From: Fis [mailto:fis-bounces at listas.unizar.es] On Behalf Of Loet 
Leydesdorff
Sent: Saturday, 12 November 2016 9:29 PM
To: 'Alex Hankey' <alexhankey at gmail.com>; 'FIS Webinar' 
<Fis at listas.unizar.es>
Subject: Re: [Fis] Is quantum information the basis of spacetime?

Dear Alex and colleagues,

Thank you for the reference; but my argument was about “meaning”. “Meaning” 
can only be considered as constructed in language. Other uses of the word 
are metaphorical. For example, the citation to Maturana.

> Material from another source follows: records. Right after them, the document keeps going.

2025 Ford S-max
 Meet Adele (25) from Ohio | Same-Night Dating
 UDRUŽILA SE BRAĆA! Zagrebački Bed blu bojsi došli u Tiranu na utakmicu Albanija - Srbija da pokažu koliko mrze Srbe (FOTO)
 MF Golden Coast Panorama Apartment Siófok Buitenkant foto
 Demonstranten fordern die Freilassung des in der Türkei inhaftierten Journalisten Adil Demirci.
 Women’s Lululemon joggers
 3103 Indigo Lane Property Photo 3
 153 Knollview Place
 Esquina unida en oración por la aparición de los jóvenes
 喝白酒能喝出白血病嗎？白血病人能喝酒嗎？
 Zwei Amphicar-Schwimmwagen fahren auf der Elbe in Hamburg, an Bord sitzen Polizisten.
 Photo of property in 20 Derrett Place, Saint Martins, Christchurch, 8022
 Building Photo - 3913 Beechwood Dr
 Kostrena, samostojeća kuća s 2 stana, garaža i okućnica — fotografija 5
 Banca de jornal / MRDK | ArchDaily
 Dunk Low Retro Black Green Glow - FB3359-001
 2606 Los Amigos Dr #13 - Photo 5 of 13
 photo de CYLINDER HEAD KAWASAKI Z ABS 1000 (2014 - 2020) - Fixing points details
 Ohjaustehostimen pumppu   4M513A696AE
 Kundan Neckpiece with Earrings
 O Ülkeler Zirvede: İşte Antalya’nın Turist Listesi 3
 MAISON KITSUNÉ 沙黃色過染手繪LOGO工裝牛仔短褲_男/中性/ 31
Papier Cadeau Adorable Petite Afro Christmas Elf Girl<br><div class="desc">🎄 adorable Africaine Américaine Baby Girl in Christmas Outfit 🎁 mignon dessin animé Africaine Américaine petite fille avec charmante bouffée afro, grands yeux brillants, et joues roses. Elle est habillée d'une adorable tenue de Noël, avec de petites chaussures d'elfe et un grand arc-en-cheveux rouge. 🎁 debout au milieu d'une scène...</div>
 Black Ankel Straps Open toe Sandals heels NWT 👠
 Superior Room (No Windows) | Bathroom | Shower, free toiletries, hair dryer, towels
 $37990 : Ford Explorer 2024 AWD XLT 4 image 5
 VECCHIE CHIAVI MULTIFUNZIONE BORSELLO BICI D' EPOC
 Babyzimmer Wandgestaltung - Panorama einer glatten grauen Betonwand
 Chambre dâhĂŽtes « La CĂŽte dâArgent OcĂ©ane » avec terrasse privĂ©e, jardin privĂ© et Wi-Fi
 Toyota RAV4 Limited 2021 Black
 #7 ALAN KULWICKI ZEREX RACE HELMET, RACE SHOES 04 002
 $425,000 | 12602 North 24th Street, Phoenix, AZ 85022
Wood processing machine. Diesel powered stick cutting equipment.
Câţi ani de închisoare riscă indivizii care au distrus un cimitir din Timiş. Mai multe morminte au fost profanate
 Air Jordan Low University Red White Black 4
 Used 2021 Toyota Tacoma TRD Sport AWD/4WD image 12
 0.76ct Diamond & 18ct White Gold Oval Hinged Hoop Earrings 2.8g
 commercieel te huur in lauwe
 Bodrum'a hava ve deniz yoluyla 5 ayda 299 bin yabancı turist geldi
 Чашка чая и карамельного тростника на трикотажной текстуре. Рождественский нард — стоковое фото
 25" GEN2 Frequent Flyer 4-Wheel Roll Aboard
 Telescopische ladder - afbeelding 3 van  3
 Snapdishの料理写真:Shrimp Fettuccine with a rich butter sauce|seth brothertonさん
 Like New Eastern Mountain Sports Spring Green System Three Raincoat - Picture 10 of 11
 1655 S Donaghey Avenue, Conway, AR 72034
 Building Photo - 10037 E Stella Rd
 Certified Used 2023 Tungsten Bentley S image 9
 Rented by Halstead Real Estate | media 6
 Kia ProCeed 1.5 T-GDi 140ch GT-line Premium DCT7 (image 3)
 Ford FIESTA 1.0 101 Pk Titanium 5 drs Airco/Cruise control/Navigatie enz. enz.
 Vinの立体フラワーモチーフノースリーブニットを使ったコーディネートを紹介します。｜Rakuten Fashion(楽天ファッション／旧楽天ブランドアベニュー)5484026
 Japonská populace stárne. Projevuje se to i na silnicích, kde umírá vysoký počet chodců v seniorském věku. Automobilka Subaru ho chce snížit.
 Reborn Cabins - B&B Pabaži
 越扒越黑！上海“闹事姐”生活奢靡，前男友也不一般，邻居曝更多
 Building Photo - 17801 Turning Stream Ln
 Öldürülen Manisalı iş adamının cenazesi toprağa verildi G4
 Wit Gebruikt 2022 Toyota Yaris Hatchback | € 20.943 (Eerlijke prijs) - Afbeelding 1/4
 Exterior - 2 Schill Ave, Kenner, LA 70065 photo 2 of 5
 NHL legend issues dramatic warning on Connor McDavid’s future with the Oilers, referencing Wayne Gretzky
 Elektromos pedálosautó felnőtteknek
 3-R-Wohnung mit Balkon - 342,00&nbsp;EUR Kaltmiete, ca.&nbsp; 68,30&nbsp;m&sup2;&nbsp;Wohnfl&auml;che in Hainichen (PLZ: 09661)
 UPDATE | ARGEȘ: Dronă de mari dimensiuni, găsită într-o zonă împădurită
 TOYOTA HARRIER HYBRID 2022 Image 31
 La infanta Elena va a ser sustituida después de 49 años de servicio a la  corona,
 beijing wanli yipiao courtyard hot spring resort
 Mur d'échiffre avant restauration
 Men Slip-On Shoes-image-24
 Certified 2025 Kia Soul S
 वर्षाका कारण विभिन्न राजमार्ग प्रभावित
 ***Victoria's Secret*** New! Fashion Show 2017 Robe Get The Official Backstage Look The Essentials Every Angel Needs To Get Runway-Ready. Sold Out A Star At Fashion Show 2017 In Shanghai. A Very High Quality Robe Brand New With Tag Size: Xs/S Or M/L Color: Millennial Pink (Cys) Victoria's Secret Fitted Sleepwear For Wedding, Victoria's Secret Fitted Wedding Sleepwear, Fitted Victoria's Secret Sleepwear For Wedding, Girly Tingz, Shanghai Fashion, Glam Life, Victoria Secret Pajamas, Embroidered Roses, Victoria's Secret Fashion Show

Information, in my opinion, can be defined content-free (a la Shannon, etc.) 
and then be provided with meaning in (scholarly) discourses. I consider 
physics as one among other scholarly discourses. Specific about physics is 
perhaps the universalistic character of the knowledge claims. For example: 
“Frieden's points apply to quantum physics
as well as classical physics.“ So what? This seems to me a debate within 
physics without much relevance for non-physicists (e.g., economists or 
linguists).

Best,
Loet

________________________________
Loet Leydesdorff
Professor, University of Amsterdam
Amsterdam School of Communication Research (ASCoR)
loet at leydesdorff.net <mailto:loet at leydesdorff.net> ; 
http://www.leydesdorff.net/
Associate Faculty, SPRU, <http://www.sussex.ac.uk/spru/> University of 
Sussex;
Guest Professor Zhejiang Univ.<http://www.zju.edu.cn/english/>, Hangzhou; 
Visiting Professor, ISTIC, <http://www.istic.ac.cn/Eng/brief_en.html> 
Beijing;
Visiting Professor, Birkbeck<http://www.bbk.ac.uk/>, University of London;
http://scholar.google.com/citations?user=ych9gNYAAAAJ&hl=en

From: Alex Hankey [mailto:alexhankey at gmail.com]
Sent: Saturday, November 12, 2016 8:07 PM
To: Loet Leydesdorff; FIS Webinar
Subject: Re: [Fis] Is quantum information the basis of spacetime?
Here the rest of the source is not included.